創世記1:1〜2:4a 「神が創造された」

 創世記というのは、書名は日本語では創世記ですが、もともとのヘブル語聖書は「はじめに」という名の書です。1章1節を見ますと。「初めに」という言葉ではじまります。最初の言葉もそう。書名も初めにですから。世界の初めの初めについてこの書は描こうとしているということがわかってきます。

 一体この世界が何故存在するのかということに対する神の言葉。創世記というのは、基本の基本。信仰のベースのベースです。ですから、信仰の歩みを始めるためには、この創世記は必ず読まなければならない書物です。

 創世記は、この世界が存在する理由の極めて重要なことを指し示しております。1章1節。

 初めに、神は天地を創造された。

 宇宙のすべての始まりの初めに、神は創造をなされた。主語が大事です。神が造ったということがすべての始まりであると聖書は告げます。これが起点であって、その他ではない。

 自然が生成された、物体が最初にあってそれが秩序を生み出したというわけではない。と宣言するのが聖書です。神が創造した。

 創造という言葉はヘブル語で「バラ」という言葉です。無から神が創造されたことを指し示します。このバラという言葉は神が主語になる場合しか使いません。神の創造というのは人間にはできない特別なことなのです。

 創造という言葉は、人にあてはめて使うことは無いと思います。聖書を知らない人は、創造という言葉を人間の行動に対して使いますが、キリスト者は使いません。それは特別なことだからです。人間は、すでにある「モノ」を使って何かを形作るということはできますが、「無からの創造」はできない。それは神にしかできないこと。だから、創造という言葉は特別な言葉として扱われるのです。ヘブライ人への手紙11章3節にこのような記述があります。

 信仰によって、わたしたちは、この世界が神の言葉によって創造され、従って見えるものは、目に見えているものからできたのではないことが分かるのです。

 物事の起点は神。神の意思によって、この世界は動いている。今日生きているのも神を起点として、神に生かされている。今日ここにいるのは何らかの神の意思によって、神がミッションをもしかしたら授けておられるかもしれない。今日私たちが出会ったのは神の意思によって。そう考えて行きますと物事の意味と重さが全く変化するのがお分かりかと思います。神を起点とするとそれだけで人生が変わるのです。

 「初めに」という書物である「創世記」を読んだ私たちが「初めに」神を起点として、つねに物事の「初めに」神を考え神のご意思を探るのであれば、その人は神から祝福されないはずが無い。このことを悟り、実行できる時間や自由が与えられている私たちは幸いです。

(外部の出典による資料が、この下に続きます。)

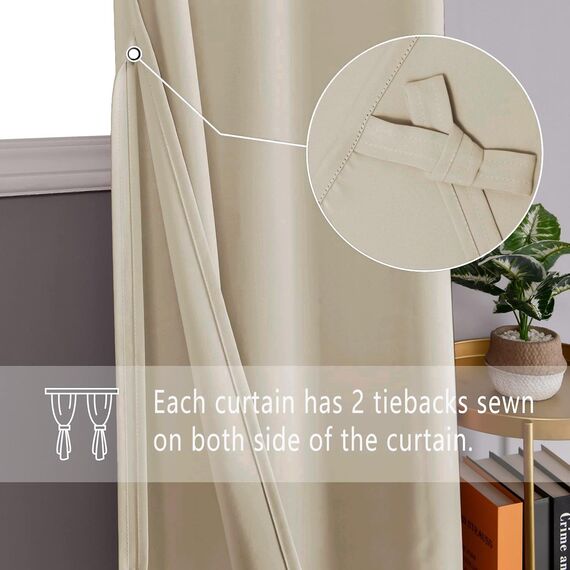 DWCN Blickdichte Vorhänge Verdunkelungsgardinen mit Ösen 2 Stücke Wohnzimmer Modern Ösenvorhang Thermogardine für Wohnzimmer,Schlafzimmer,Hell Beige,183x117cm(HxB)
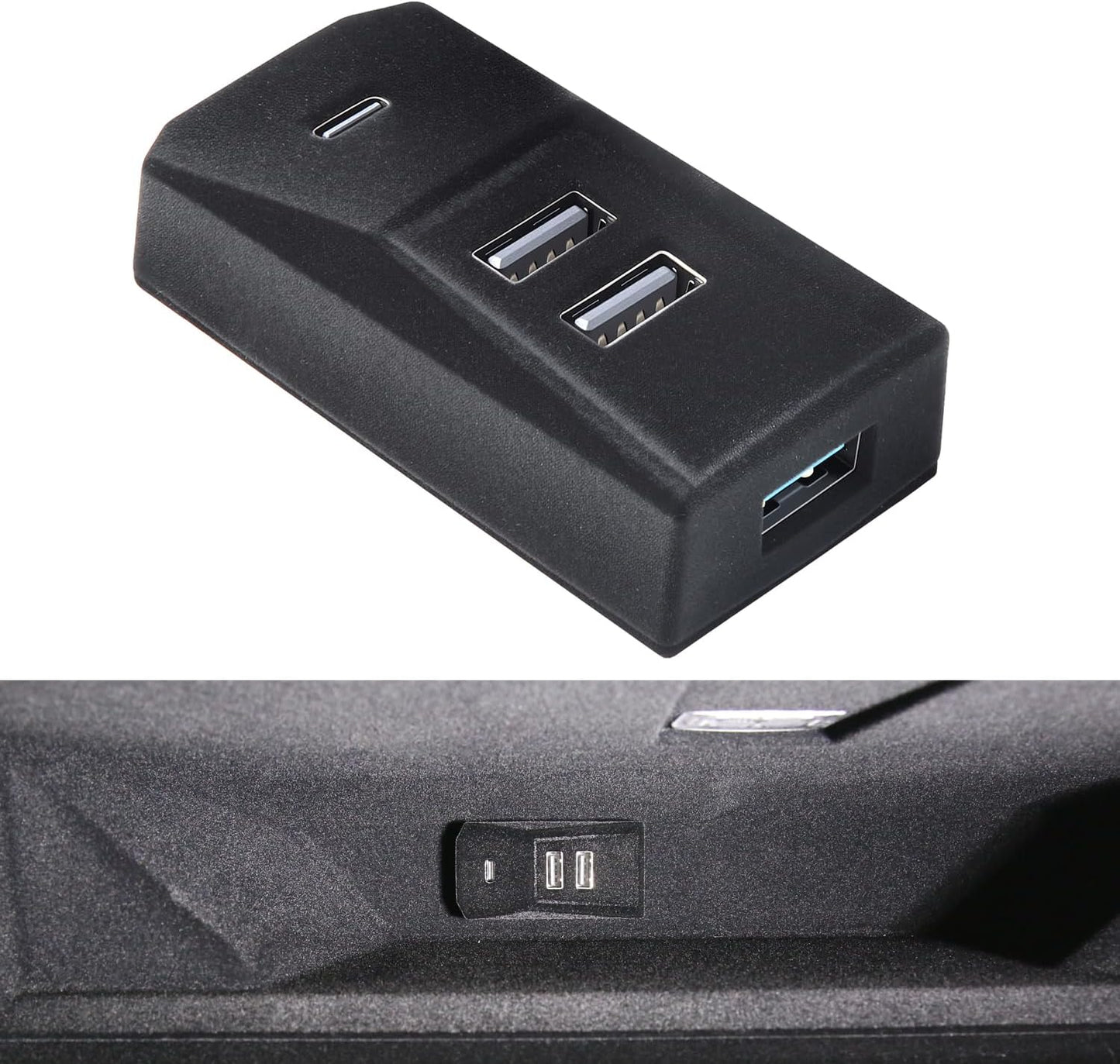 USB Hub for Tesla Glove Box – 4-Port Docking Station Model 3 Highland 2024 2025 Cybertruck, Model Y Juniper 2025 2026 Seamlessly Transfer dashcam footage, Flash-Drive Data, Games and Music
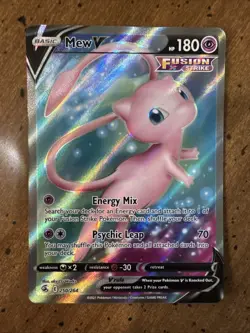 Pokemon TCG Mew v 250/264 Fusion Strike Card Near Mint Condition - Image 1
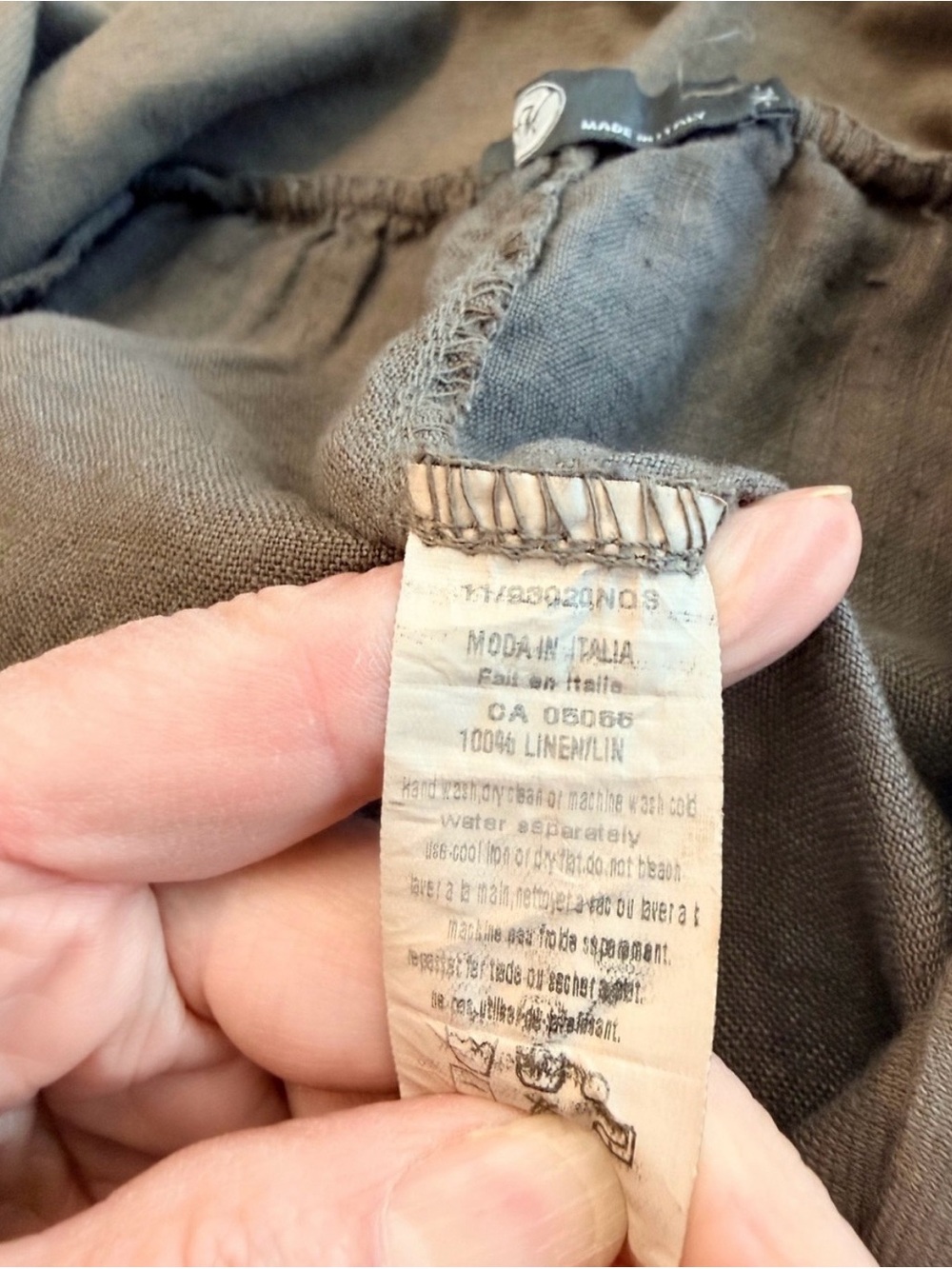 Made in Italy Brown 100 % Linen Wide Leg Pant XL - Picture 8 of 8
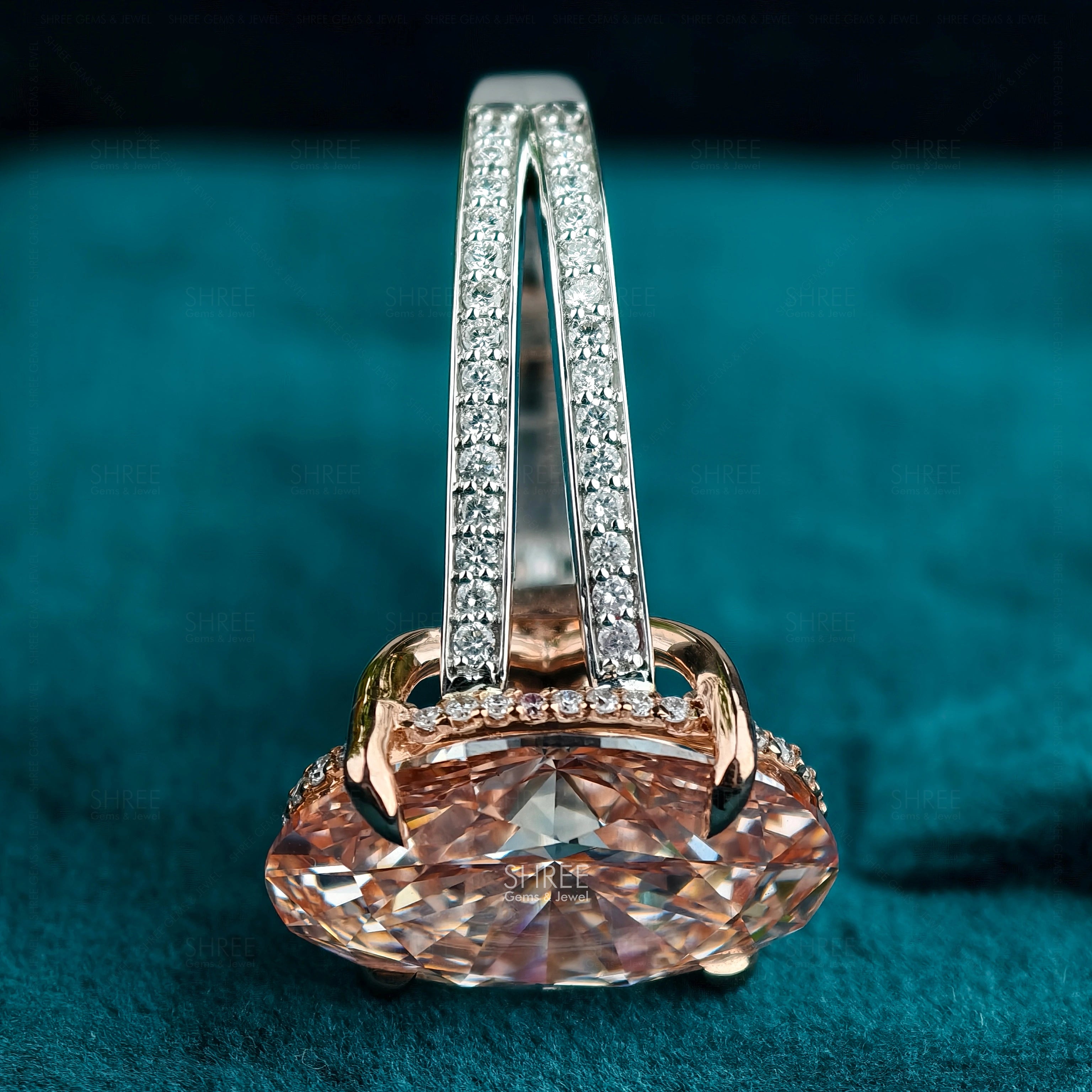 Accent view of 7 Carat Oval Pink Diamond Halo Engagement Ring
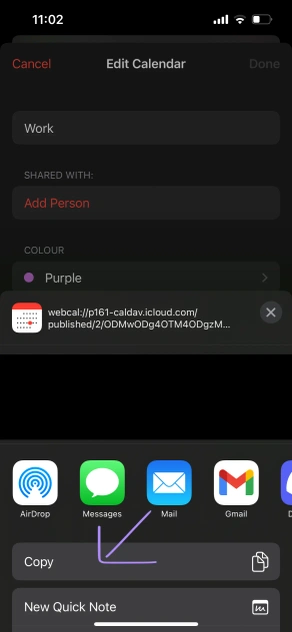 iPhone Calendar - Copy the Webcal URL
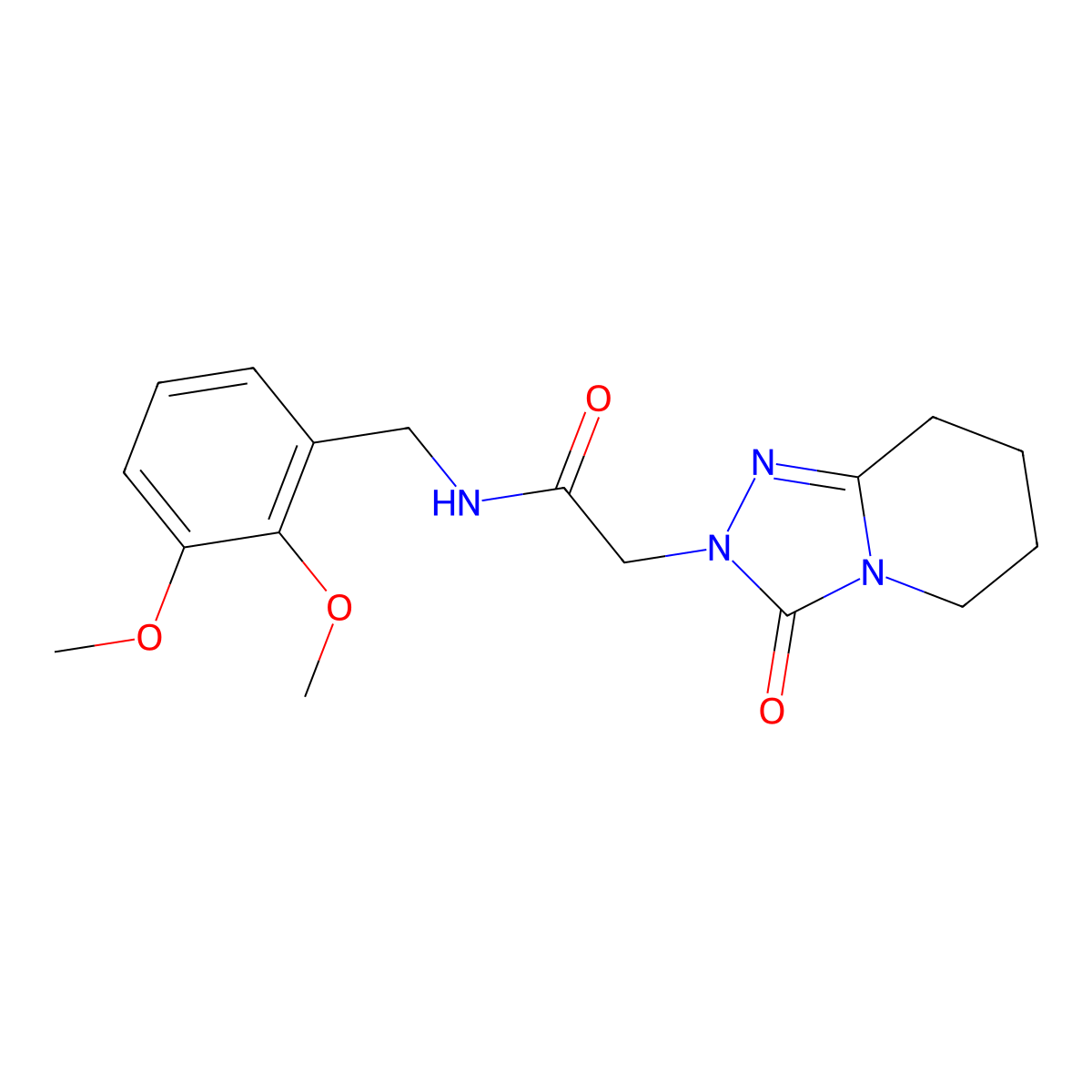 N-[(2,3-Dimethoxyphenyl)methyl]-2-{3-oxo-2H,3H,5H,6H,7H,8H-[1,2,4]triazolo[4,3-A]pyridin-2-YL}acetamide molecular structure, CAS 1775304-68-1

 創世記、第一章第一節に出て来ます言葉は、すべて極めて重要です。聖書全体がここで語られているとも言えてしまうぐらい大事です。ですから、言葉一つ一つにこだわってまた見ていきたいと思うんです。

 初めに、神

 神という言葉、これは実は複数形で記されている。何故唯一の神なのに、複数形で記されているのでしょうか。エロヒーム、エルという言葉の複数形です。これが三位一体の神への暗示だと言う説もありますし、神の栄光を神の威厳を現すときに、複数形を使うことによって神を賛美しているのだという人もいます。どちらも否定できません。

 どちらの考え方にも私たち納得できるところがあるからです。与えられている信仰はまさに、キリスト、神、聖霊。これが神々ではなくて、神である。一体であり、唯一の神。父と子とは一体。キリストの霊である聖霊もまた神。この事を体験的に教会は理解しています。さらに、神を讃えて神が崇められることを心から喜びます。神を讃える信仰が私たちの信仰です。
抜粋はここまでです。